If you are in a government (local, state or federal), in a high density area with a lot of commuters and poor public transport consider the shweeb concept!
Raising the profile of energy efficiency
Last week I attended the All Energy conference in Melbourne. Running over 2 days, with over 30 conference sessions, just one was dedicated to energy efficiency. Rob Murray Leach, head of the Energy Efficiency Council who chaired the session, kicked it off by saying that this was the most important session of the conference, as 65% of the world’s carbon reduction by 2020 to come from energy efficiency according to the International Energy Agency.
But is energy efficiency getting 65% of the press coverage, is it 65% of the conversation around 2020 carbon abatement targets? Clearly it isn’t.
There is a massive vacuum when it comes to awareness and understanding of the most cost effective way by far of reducing carbon emissions – energy efficiency. Have a conversation about reducing your carbon footprint, and the first thing to come up will be solar panels, not building controls.
Yet from an economic perspective energy efficiency is extraordinarily interesting in comparison with solar. At commercial electricity tariffs, without subsidies, even the cheapest solar PV system has a payback of over 25 years.
Cover the entire roof of a typical two or three storey office building with solar panels and you’ll reduce electricity usage at the site by around 15%, whilst spending about four times your annual electricity costs to buy the solar system. Yet energy efficiency could probably deliver that same 15% saving with a 2 to 3 year return on investment.
So why isn’t energy efficiency getting the attention it deserves?
As an industry we haven’t been effective in promoting energy efficiency. The recently formed Energy Efficiency Council, of which CarbonetiX is a member, is now taking up this challenge, but there is a long way to go.
Energy efficiency is not visible.
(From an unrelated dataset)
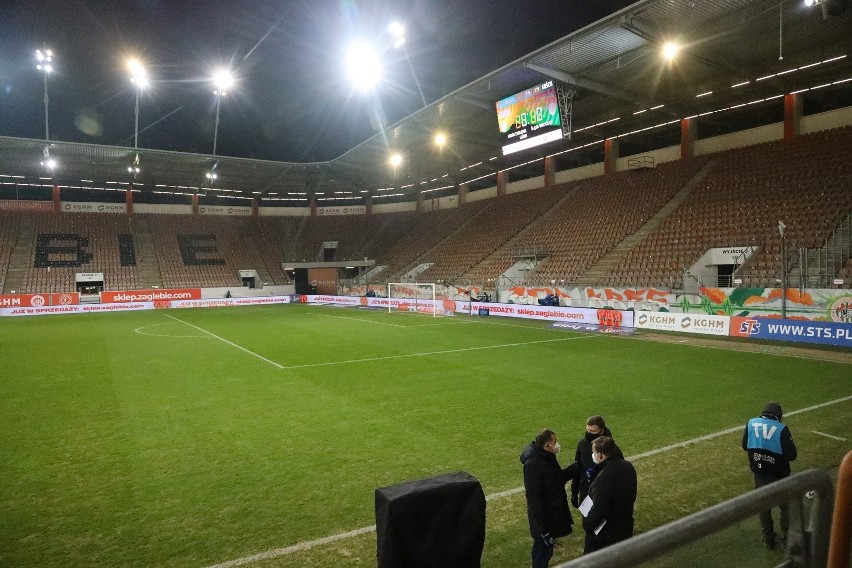 ZAGŁĘBIE - ŚLĄSK 2:1 (Ekstraklasa 11.12.2020). To były inne...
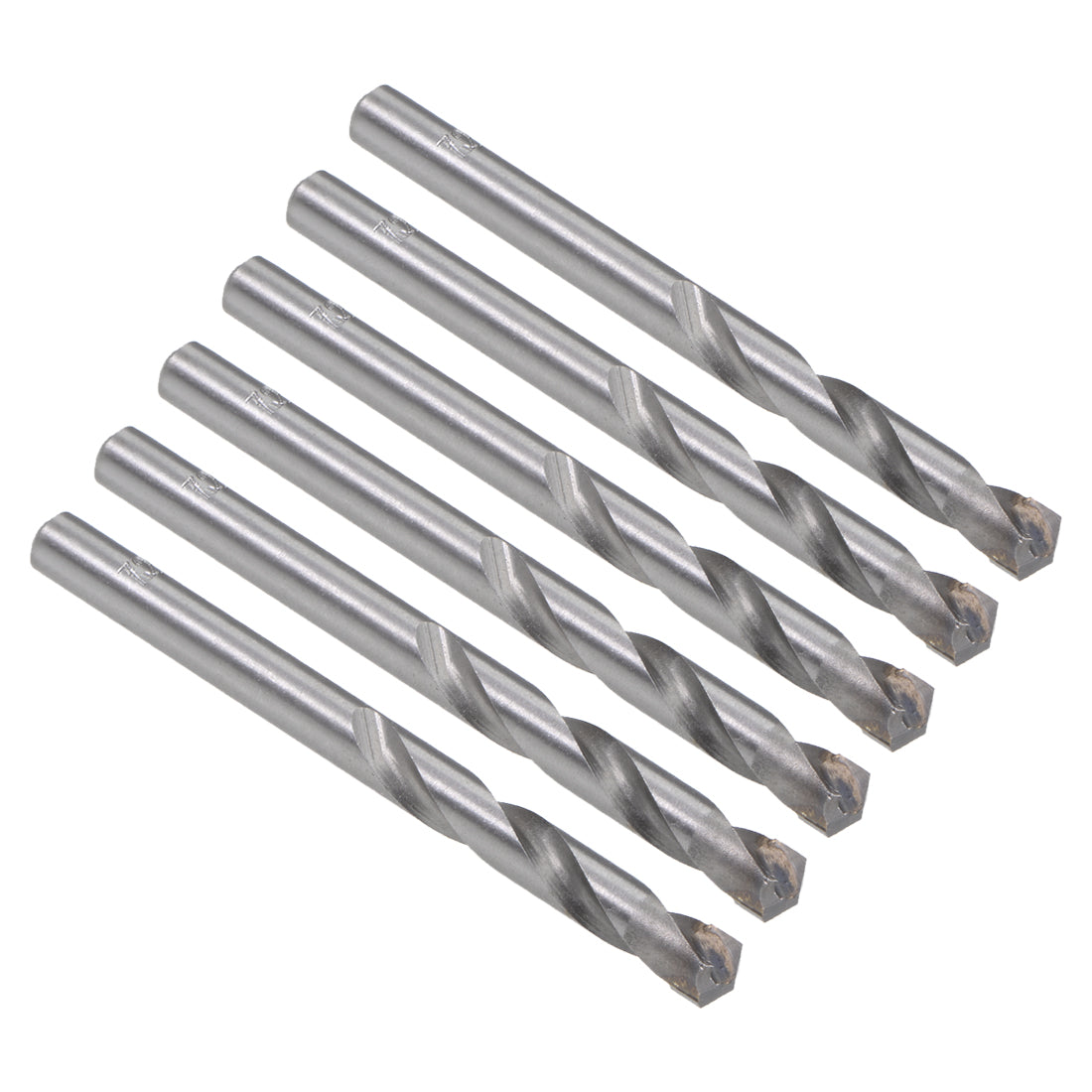 Harfington Cemented Carbide Round Shank U-flutes Twist Drill Bit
The results of changes to the lights and the way the air conditioning is controlled are only visible to the person paying the much lower energy bills, and the person who championed the changes. Solar panels are visible to everyone.
The invisibility of energy efficiency is compounded by the fact that the good news stories aren’t told. They may not even be told to people in the building where the savings have been achieved, let alone to the wider public.
And energy efficiency, whilst it gets good savings, is not that easy to do, but there is a perception that it is easy. So organisations may undertake a DIY approach, with no training and no experience, and not achieve any noticeable savings. A classic DIY approach would be to spend $2,000 to get occupancy sensors fitted to control the lights in the toilets – I’m sorry but the savings from this simply won’t show up in your energy bills.
The problem arising from failed DIY efforts is that this then creates the perception that energy efficiency doesn’t work. And nothing could be further from the truth. Yes, energy efficiency does work, but you need to know what you are doing. Businesses don’t get the receptionist to do their tax return. A qualified, experienced accountant who is normally contracted to do so. But when it comes to saving energy, all too often its assumed that an environmental officer or a facility maintenance officer can effectively do energy efficiency.
So, to raise the profile of energy efficiency, celebrate and promote the savings you achieve. Put up a plaque above reception showing how much you have saved, or a graph of how your energy use has gone down. Get a high NABERS rating and put the certificate in reception as well. Talk about what was done to use the savings. Get a case study done and circulate it amongst your staff. Then send the case study off to your local paper and get them to do a profile on what you have achieved.
And to get those savings, to make energy efficiency really work for you, get expert advice and guidance.